Stream channelization: The manipulation of a stream's course, condition, capacity, or location that causes more than minimal interruption of normal stream processes. A channelized stream remains a water of the United States.

Structure: An object that is arranged in a definite pattern of organization. Examples of structures include, without limitation, any pier, boat dock, boat ramp, wharf, dolphin, weir, boom, breakwater, bulkhead, revetment, riprap, jetty, artificial island, artificial reef, permanent mooring structure, power transmission line, permanently moored floating vessel, piling, aid to navigation, or any other obstacle or obstruction.

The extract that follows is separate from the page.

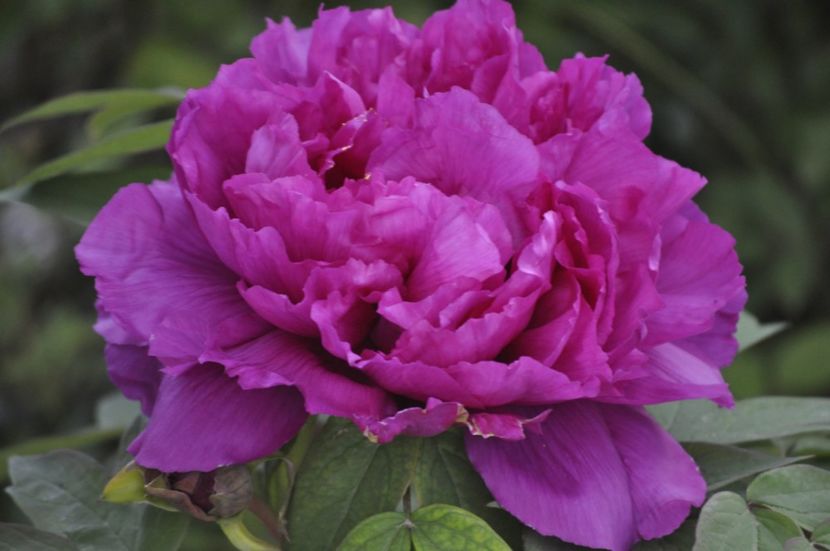 _DSC0879 - PRIMAVARA 2021_1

Tidal wetland: A tidal wetland is a wetland (i.e., water of the United States) that is inundated by tidal waters. The definitions of a wetland and tidal waters can be found at 33 CFR 328.3(b) and 33 CFR 328.3(f), respectively. Tidal waters rise and fall in a predictable and measurable rhythm or cycle due to the gravitational pulls of the moon and sun. Tidal waters end where the rise and fall of the water surface can no longer be practically measured in a predictable rhythm due to masking by other waters, wind, or other effects. Tidal wetlands are located channelward of the high tide line (i.e., spring high tide line) and are inundated by tidal waters two times per lunar month, during spring high tides.

Vegetated shallows: Vegetated shallows are special aquatic sites under the 404(b)(1) Guidelines. They are areas that are permanently inundated and under normal circumstances have rooted aquatic vegetation, such as seagrasses in marine and estuarine systems and a variety of vascular rooted plants in freshwater systems.

Waterbody: For purposes of the NWPs, a waterbody is a jurisdictional water of the United States that, during a year with normal patterns of precipitation, has water flowing or standing above ground to the extent that an ordinary high water mark (OHWM) or other indicators of jurisdiction can be determined, as well as any wetland area (see 33 CFR 328.3(b)). An OHWM is a line on the shore established by the fluctuations of water and indicated by physical characteristics, or by other appropriate means that consider the characteristics of the surrounding areas (see 33 CFR 328.3(e)). If a jurisdictional wetland is adjacent—meaning bordering, contiguous, or neighboring—to a jurisdictional waterbody displaying an OHWM or other indicators of jurisdiction, that waterbody and its adjacent wetlands are considered together as a single aquatic unit (see 33 CFR 328.4(c)(2)). Examples of “waterbodies” include streams, rivers, lakes, ponds, and wetlands.